How We Read Applications

Applications are read on an individual basis, and applicants are not competing against other students for an admission spot.  When reading an application, the Admission Office’s goal is to predict academic success at Albright.  An applicant’s choice of major has no bearing on the admission decision because the College does not cap majors. We recommend students explore different academic areas and we want all students to have the freedom to change majors or add to their choice of interests by examining interdisciplinary options.  If we feel a student is academically prepared to succeed within Albright’s nurturing environment, we will offer a student admission. 

When reviewing applications, the Admission Office places an emphasis on the following items, listed in order of importance:

  1. A student’s high school academic performance and rigor of curriculum

    High school performance is the best single indicator of four year college success at Albright.  Strong performance in a college preparatory education is a good predictor of a student’s ability to succeed if they continue to work hard, manage their time, concentrate on study habits, and take advantage of Albright’s nurturing environment. 

  2. A student’s writing ability

    The ability to effectively present an argument or thought in written form is critical for success in Albright’s liberal arts education.  The College expects that students will enter with the ability to write at a college level.  Our English Composition and Writing and Literature requirements are meant to improve these skills early on in a student’s college education.

  3. Extracurricular activities, noting leadership, talent developed and length of commitment

    Students participating in athletics, the arts, Greek life and other campus activities are more likely to graduate in four years than students who do not become as engaged.  A high school student who has a proven record of commitment to balancing activities outside of class and taking the initiative to lead others in some of those activities will more than likely do the same in college if given the opportunity.  Albright stresses that student involvement is an extension of the classroom education they will receive and all students are encouraged to become active in areas of passion and to attempt new opportunities as well.

  4. Counselor and teacher recommendations

    Recommendations can many times give the Admission Office new insights about an applicant.  The four-year impression that students have left on professionals from their secondary schools is very telling.  It is an opportunity to find out how a student interacts with classmates, what their presence is in the classroom, and their school work ethic. It also provides us with an educators’ sense of how successful the student may be in post secondary education.

  5. On-campus interview

    In Albright’s holistic admission process we enjoy getting to know applicants on a personal level.  It permits the Admission staff the opportunity to examine a candidate’s academic and extracurricular fit.  Interviews are not overly evaluative and are designed to assist students in enhancing their applications.  Interviews are recommended for all students prior to or during the application process and are required of any students deciding not to submit test scores with their application.

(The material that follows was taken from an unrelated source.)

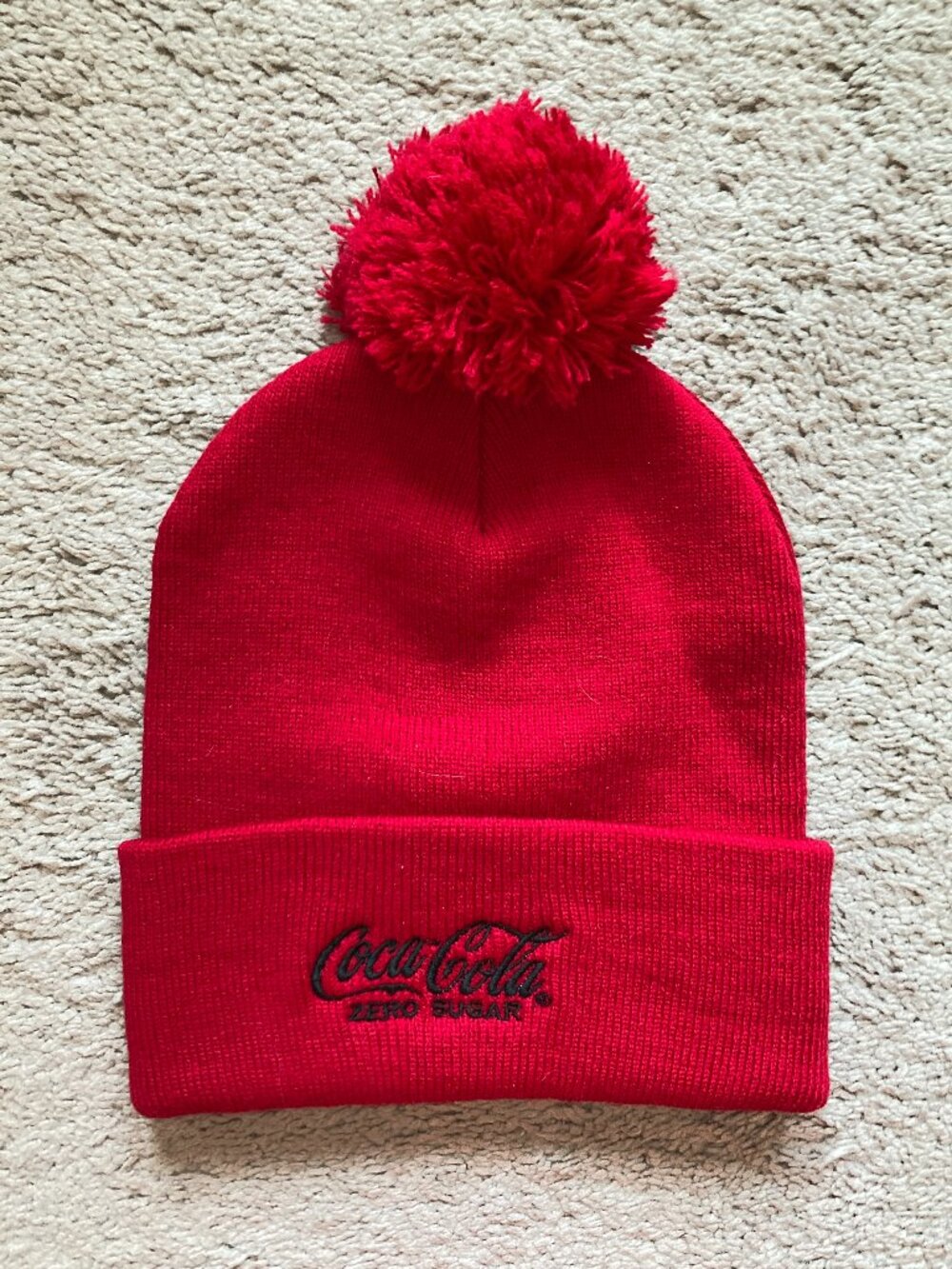 red Coca Cola Zero Sugar beanie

  6. Standardized test scores

    Submission of test scores is optional.  If a student decides not to provide the College with SAT or ACT scores, an admission interview is required to complete the application.  Test scores are proven to be a decent predictor of first-year performance; however, the predictive value weakens with each year of college.  Albright decided to eliminate requiring test scores as part of the application since scores are not a strong predictor of four-year Albright success.  Those deciding not to submit test scores will be reviewed equally for admission, scholarship and financial aid with those who do submit scores.